Netflix is Chill with Breaking Their Services

Do it for the tests

May 15, 2023

∙ Paid

TLDR;

Netflix has a LOT of services. Too many to count and too many to manage. It’s way too much to query from these services and put all these things like recommendations, favorite lists, and top viewed selections on the client to piece together.

Netflix’s solution? Add a middle tier server called MAP in between the frontend and backend that puts the API responses together and makes it cleaner for the client to read.

Now everything depends on MAP and Netflix does a ton of latency and intentional failure testing to make sure this middle layer is working smoothly.

WTF is MAP?

Because there’s way too many services at Netflix to recommend you an awesome show, they came up with MAP, Merchandising Application Platform, to simplify calling these services.

API responses go from server → MAP → client.
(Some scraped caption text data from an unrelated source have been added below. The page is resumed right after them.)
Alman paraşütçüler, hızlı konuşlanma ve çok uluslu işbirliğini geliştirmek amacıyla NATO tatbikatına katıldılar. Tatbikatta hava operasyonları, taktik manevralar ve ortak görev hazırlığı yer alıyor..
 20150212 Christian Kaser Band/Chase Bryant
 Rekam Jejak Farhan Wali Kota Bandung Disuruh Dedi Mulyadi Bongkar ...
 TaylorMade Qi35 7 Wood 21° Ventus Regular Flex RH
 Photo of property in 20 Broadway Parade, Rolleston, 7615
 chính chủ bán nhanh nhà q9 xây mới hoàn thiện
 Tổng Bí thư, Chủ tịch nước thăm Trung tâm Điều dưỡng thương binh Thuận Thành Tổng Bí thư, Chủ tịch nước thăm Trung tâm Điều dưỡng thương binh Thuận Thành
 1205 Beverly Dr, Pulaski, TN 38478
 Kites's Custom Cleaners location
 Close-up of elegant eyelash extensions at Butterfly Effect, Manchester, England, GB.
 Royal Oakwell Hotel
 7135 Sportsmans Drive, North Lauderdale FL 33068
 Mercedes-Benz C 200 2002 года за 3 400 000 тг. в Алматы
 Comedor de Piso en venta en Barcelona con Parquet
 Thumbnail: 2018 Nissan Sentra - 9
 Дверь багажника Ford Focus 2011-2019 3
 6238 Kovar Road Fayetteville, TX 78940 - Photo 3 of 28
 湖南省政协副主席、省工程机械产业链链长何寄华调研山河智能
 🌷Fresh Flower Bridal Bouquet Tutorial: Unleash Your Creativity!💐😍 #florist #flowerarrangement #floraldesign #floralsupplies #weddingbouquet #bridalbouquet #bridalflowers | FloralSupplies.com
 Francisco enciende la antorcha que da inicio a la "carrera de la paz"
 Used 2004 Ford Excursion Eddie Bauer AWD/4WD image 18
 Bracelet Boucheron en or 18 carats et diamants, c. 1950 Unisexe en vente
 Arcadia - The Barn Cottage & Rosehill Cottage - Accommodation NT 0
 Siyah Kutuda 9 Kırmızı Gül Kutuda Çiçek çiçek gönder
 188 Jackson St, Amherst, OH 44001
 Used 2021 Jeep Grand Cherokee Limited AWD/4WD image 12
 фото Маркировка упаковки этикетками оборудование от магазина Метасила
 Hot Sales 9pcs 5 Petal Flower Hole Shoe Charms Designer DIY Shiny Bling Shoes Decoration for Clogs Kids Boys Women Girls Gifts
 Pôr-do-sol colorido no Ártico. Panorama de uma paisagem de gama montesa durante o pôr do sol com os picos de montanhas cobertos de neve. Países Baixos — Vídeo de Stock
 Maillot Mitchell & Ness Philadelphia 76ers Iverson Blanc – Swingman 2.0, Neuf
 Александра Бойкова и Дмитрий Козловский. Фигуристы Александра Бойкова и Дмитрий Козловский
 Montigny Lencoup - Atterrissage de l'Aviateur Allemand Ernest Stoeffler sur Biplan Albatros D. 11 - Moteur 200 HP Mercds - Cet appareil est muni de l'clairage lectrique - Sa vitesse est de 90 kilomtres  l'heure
Sometimes the request can just be from a cache if it’s already there.

Can’t they just read directly from the server?

Sure, they can but it’ll make the client really really complicated putting all the API response pieces together.

Sometimes there’s duplicated logic that can just be in a single place and that’s what the middle tier is for.

As an example, sometimes credits are shown after 95% of the show. Other times it’s after 90% of the show. This branched logic doesn’t need to sit in the client and can just be queried by a single endpoint on the MAP.

Requirements for Testing

With the MAP layer, this needs to be tested by it’s dependencies and it’s dependents.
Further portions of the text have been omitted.